Captioned web images:
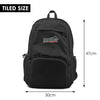 Image of Mountview Waterproof Backpack School Bag Travel Satchel Laptop Bag Rucksack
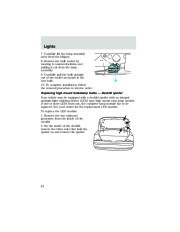 2003 Ford Taurus Owners Manual, 2003 page 42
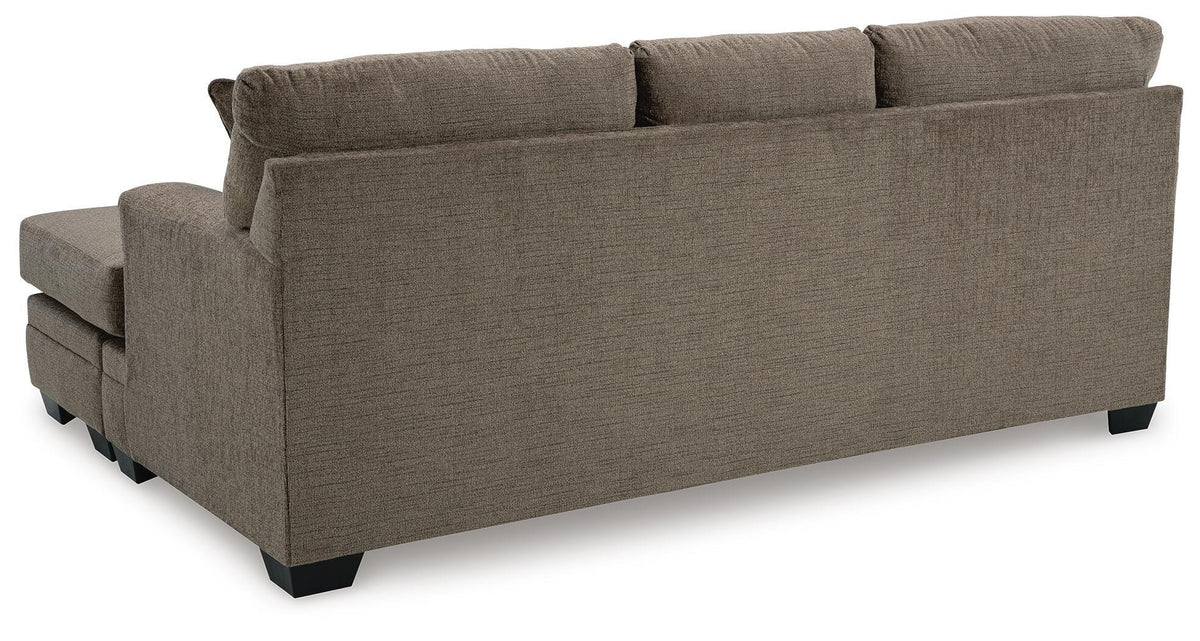 Bexley Sofa Chaise and Loveseat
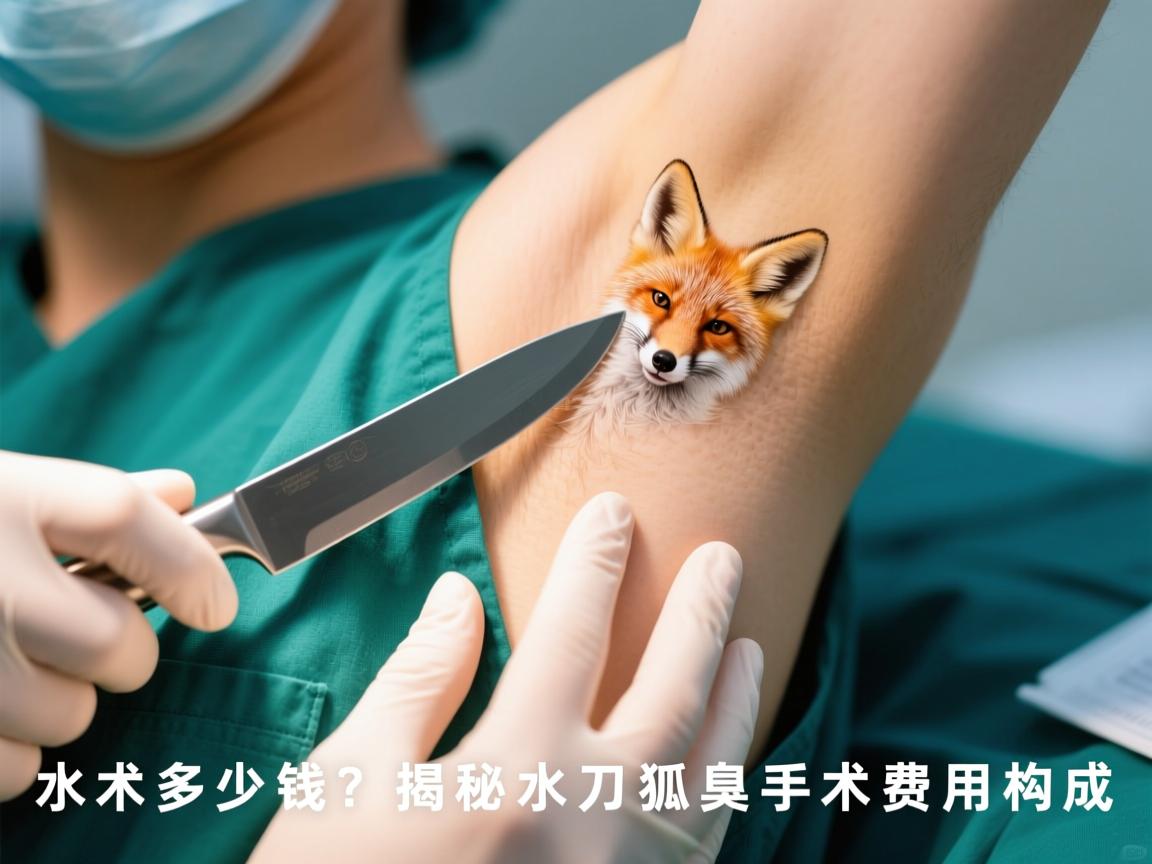 水刀狐臭手术多少钱?揭秘水刀狐臭手术费用构成 水刀狐臭手术多少钱?揭秘水刀狐臭手术费用构成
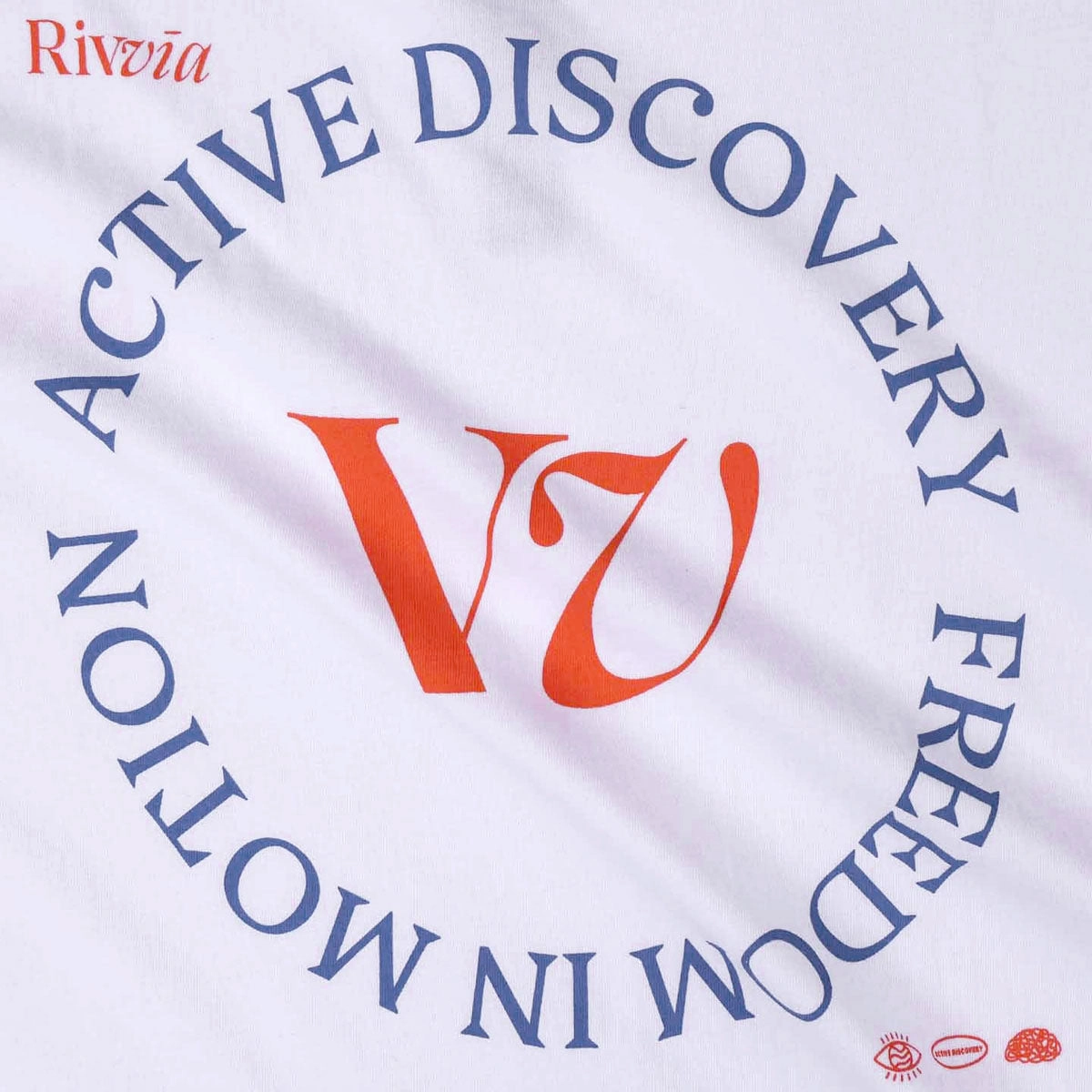 Weekend Wear vacation wear Rivvia Replay T-Shirt - White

Exercise
Transcribe the span of lines that runs from the line with "2003 Ford Taurus Owners Manual, 2003 page 42" to the end of the data, both ends included, exactly, with nothing else and no pictures.

Answer to this task
 2003 Ford Taurus Owners Manual, 2003 page 42
 Bexley Sofa Chaise and Loveseat
 水刀狐臭手术多少钱?揭秘水刀狐臭手术费用构成 水刀狐臭手术多少钱?揭秘水刀狐臭手术费用构成
 Weekend Wear vacation wear Rivvia Replay T-Shirt - White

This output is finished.